Nel pieno della guerra (ibrida) in Medio Oriente, la maggioranza nelle Commissioni Affari costituzionali e Giustizia alla Camera dei Deputati ha votato una sorta di ‘bando’ alle aziende israeliane specializzate in cybersecurity.

Come Cybersecurity Italia può raccontare in anteprima, i partiti di maggioranza questa sera intorno alle ore 18:00, nel dare il via libera al disegno di legge sulla Cybersecurity, hanno votato un emendamento per introdurre nell’articolo 10 “premialità per l’utilizzo di tecnologia cyber italiane o di Paesi appartenenti all’Unione europea o di Paesi aderenti alla NATO”. Di fatto un’esclusione, clamorosa, alle aziende di Israele, tra i Paesi più avanzati nella cybersicurezza. Come si sa Israele non fa parte della NATO.

Nel dettaglio si legge “…nonché i casi in cui, per la tutela della sicurezza nazionale, devono essere previsti criteri di premialità per le proposte o per le offerte che contemplino l’uso di tecnologie di cybersicurezza italiane o di Paesi appartenenti all’Unione europea o di Paesi aderenti alla NATO.

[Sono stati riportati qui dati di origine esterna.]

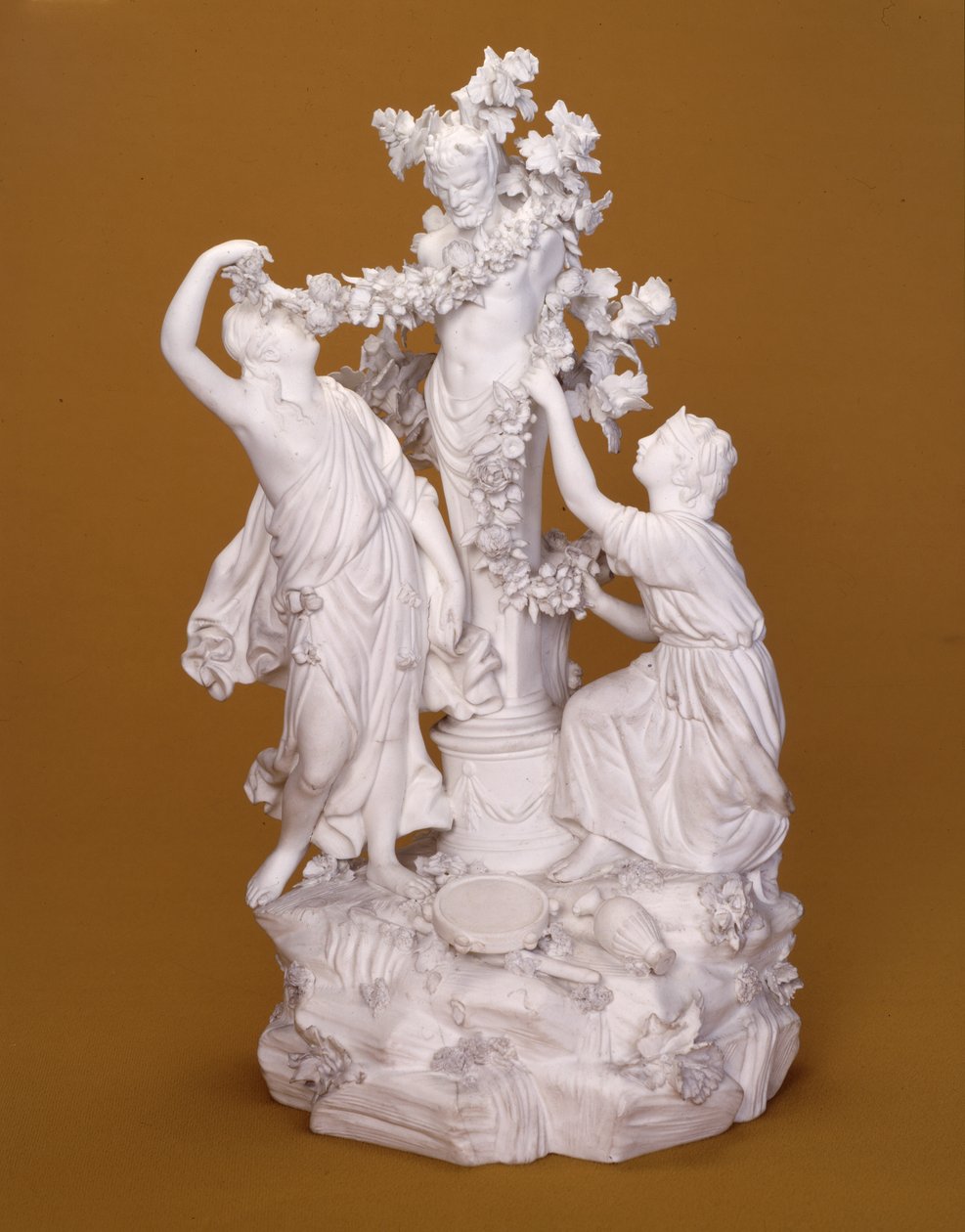 Grupo de figuras de dos bacantes adornando a Pan, Derby, c.1780 de Pierre Stephan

Conseguentemente, al comma 2, aggiungere in fine la seguente lettera: 

d-bis) devono prevedere, al fine di tutelare la sicurezza nazionale, criteri di premialità per le proposte o per le offerte che contemplino l’uso di tecnologie di cybersicurezza italiane o di Paesi appartenenti all’Unione europea o di Paesi aderenti alla NATO al fine di conseguire l’autonomia tecnologica e strategica nell’ambito della cybersicurezza”. 

Non sarebbe meglio indicare Paesi “trusted”?

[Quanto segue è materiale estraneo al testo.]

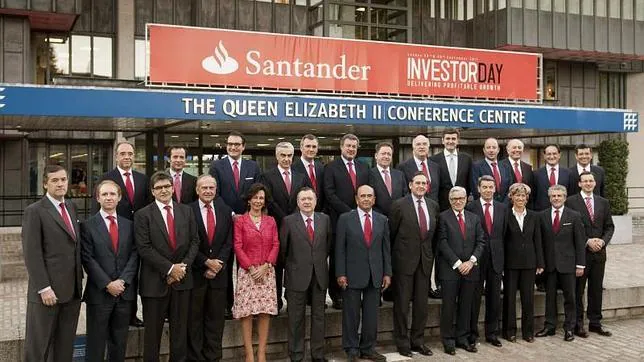 Es ya todo un clásico ver a la presidenta de Banco Santander, Ana Patricia Botín, rodeada solo de directivos (imagen de archivo)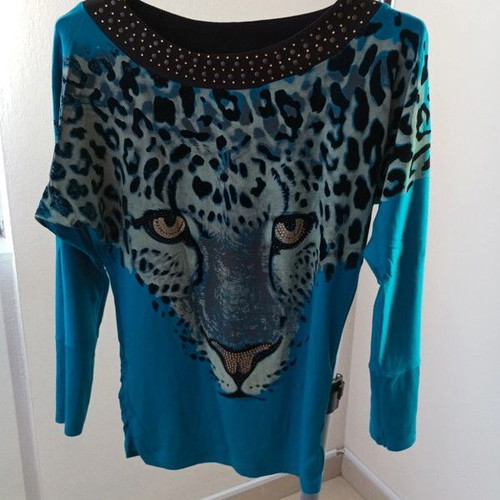 Leopard blouse like new with gold details and brown studs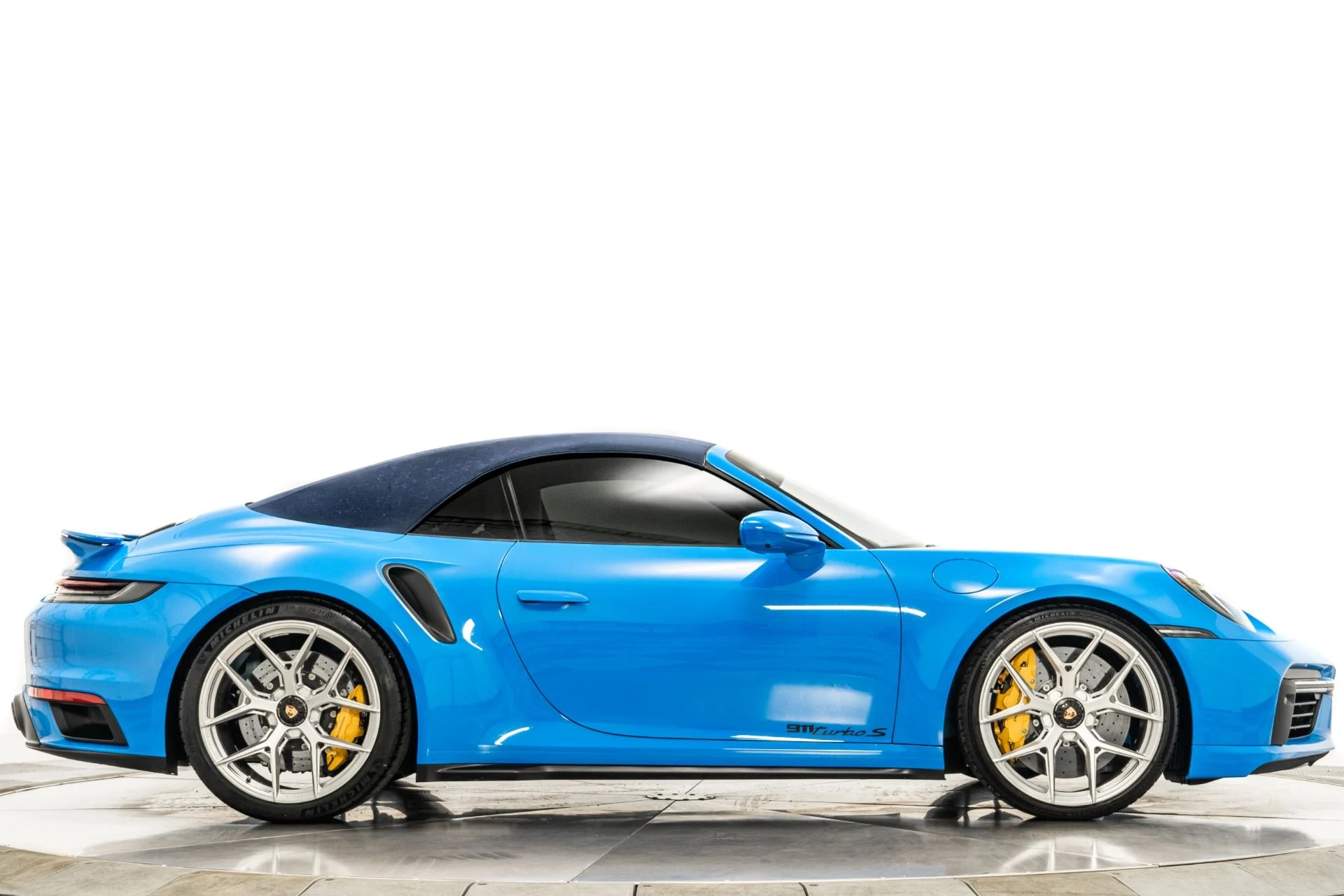mph017_3780520547_Used_2022_Porsche_911_Turbo_S_Cabriolet_1761066014_ac77690142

Ma cosa c’entra la NATO se la finalità è (o meglio era) quella di contribuire al conseguimento dell’autonomia tecnologica e strategica europea e di prevenire il paradossale effetto che, con la crescita del mercato cyber, possano aumentare le forniture di tecnologie straniere esponendo così l’Italia ad un rischio geopolitico?

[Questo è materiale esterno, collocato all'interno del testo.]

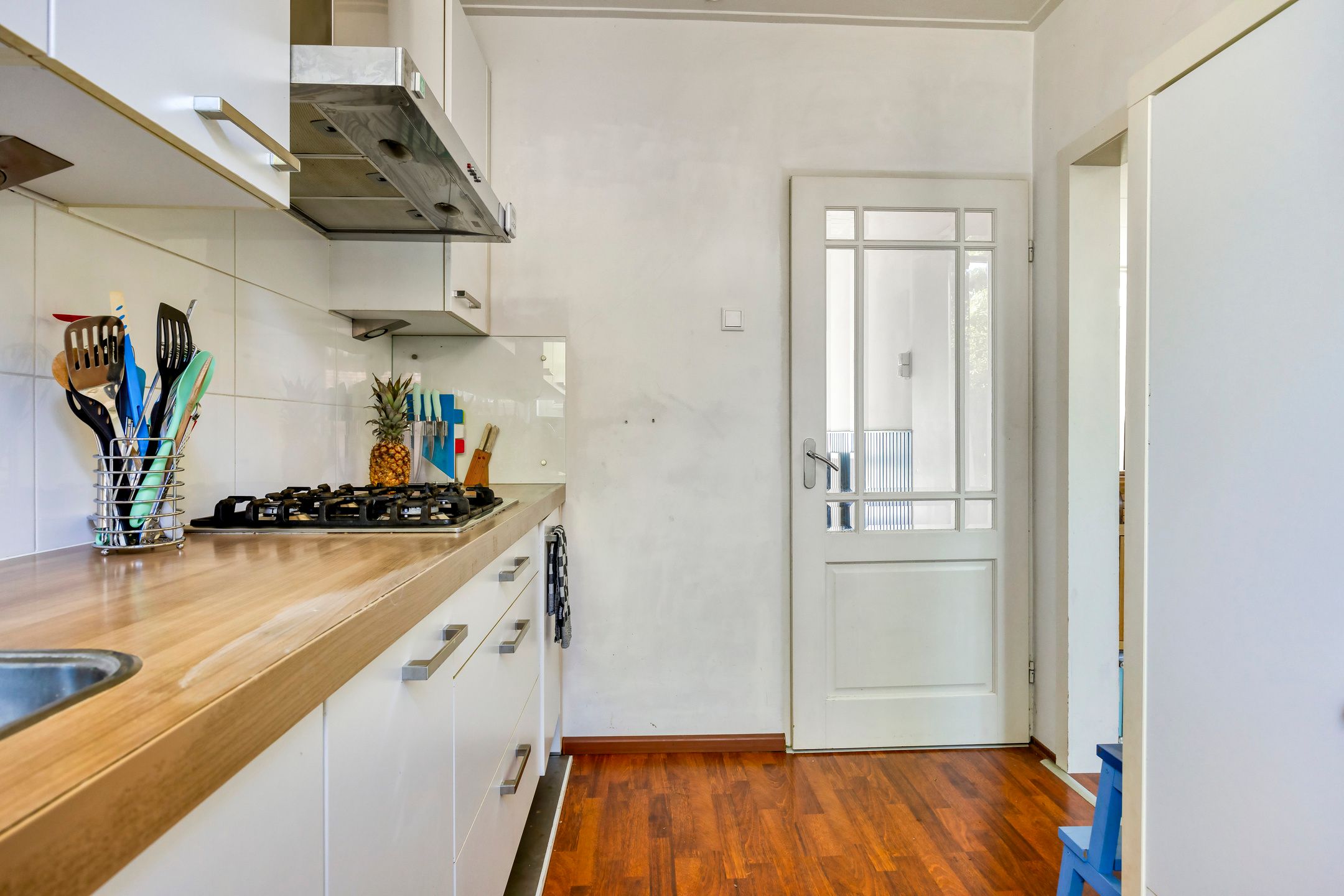 Foto 9 van Van Hoogstratenweg 2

Al posto di questo “bando” clamoroso, non sarebbe meglio indicare Paesi “trusted” e alle cui aziende cyber attribuire il concetto di premialità?

Se questo emendamento dovesse essere confermato nell’Aula di Montecitorio, dove il testo del disegno di legge è atteso da lunedì 13 maggio per la discussione generale, sarebbe un grande schiaffio alla tanto (solo) decantata sovranità tecnologica e digitale nazionale-europea.

Infine, l’altra beffa che emerge dal testo del ddl finalizzato dalle due Commissioni e votato solo dai partiti di maggioranza – si sono astenuti il Movimento 5 stelle, il Partito democratico, Alleanza Verdi e Sinistra e Italia viva – è l’assenza di fondi dedicati, aggiuntivi, nuovi, per realizzare quanto è previsto del testo in esame. Il disegno di legge, che sta per approdare nell’Aula della Camera dei Deputati, prevede di aumentare le difese cyber dell’Italia a “invarianza finanziaria”. Ossia senza una quota ad hoc. Senza nuovi fondi pubblici per “accompagnare” i tanti nuovi soggetti interessati a conformarsi agli obblighi previsti. 

Se il Governo avesse presentato un disegno di legge sulla sicurezza tradizionale, quella fisica, avremmo sentito dai promotori e letto nel testo “più risorse economiche alle forze dell’Ordine”.

Quello che vale offline, vale anche online.
E quindi anche nel cyberspazio.

Ma manca ancora questa piena cultura della cybersicurezza?